▶ _Aim of the exercise_:
Omit all pictures, then repeat the listing exactly.

▶ _Provided data_:
____

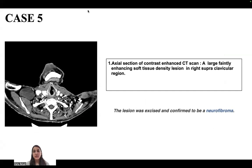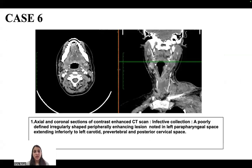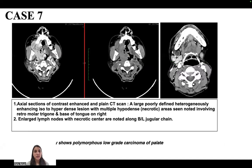In another case, a large faintly enhancing soft tissue density lesion in the right supraclavicular region was excised and confirmed to be a neurofibroma. An infective collection is also shown: a poorly defined, irregularly shaped, peripherally enhancing lesion noted in the left peripharyngeal space extending inferiorly to the left carotid, prevertebral, and posterior cervical space.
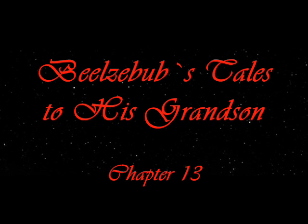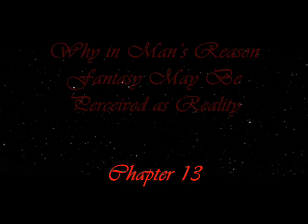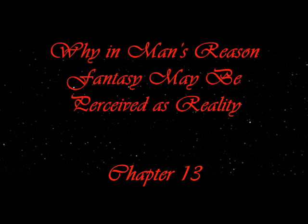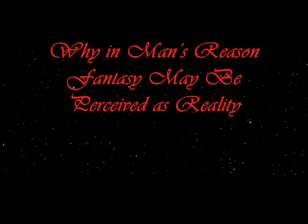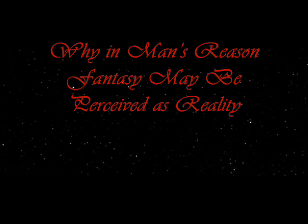Beelzebub's Tales to His Grandson, Chapter 13: Why in man's reason fantasy may be perceived as reality.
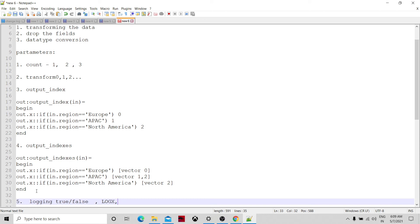Similarly, we have the error group parameter. We can specify the error group and using the handle error component of Vinicio, we can check the insights from the log — what errors occurred while the Reformat component was executing. After running the graphs, in a subsequent job when we are analyzing the logs, these log groups can be used.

____

▶ _Answer box_:
In another case, a large faintly enhancing soft tissue density lesion in the right supraclavicular region was excised and confirmed to be a neurofibroma. An infective collection is also shown: a poorly defined, irregularly shaped, peripherally enhancing lesion noted in the left peripharyngeal space extending inferiorly to the left carotid, prevertebral, and posterior cervical space.
Beelzebub's Tales to His Grandson, Chapter 13: Why in man's reason fantasy may be perceived as reality.
Similarly, we have the error group parameter. We can specify the error group and using the handle error component of Vinicio, we can check the insights from the log — what errors occurred while the Reformat component was executing. After running the graphs, in a subsequent job when we are analyzing the logs, these log groups can be used.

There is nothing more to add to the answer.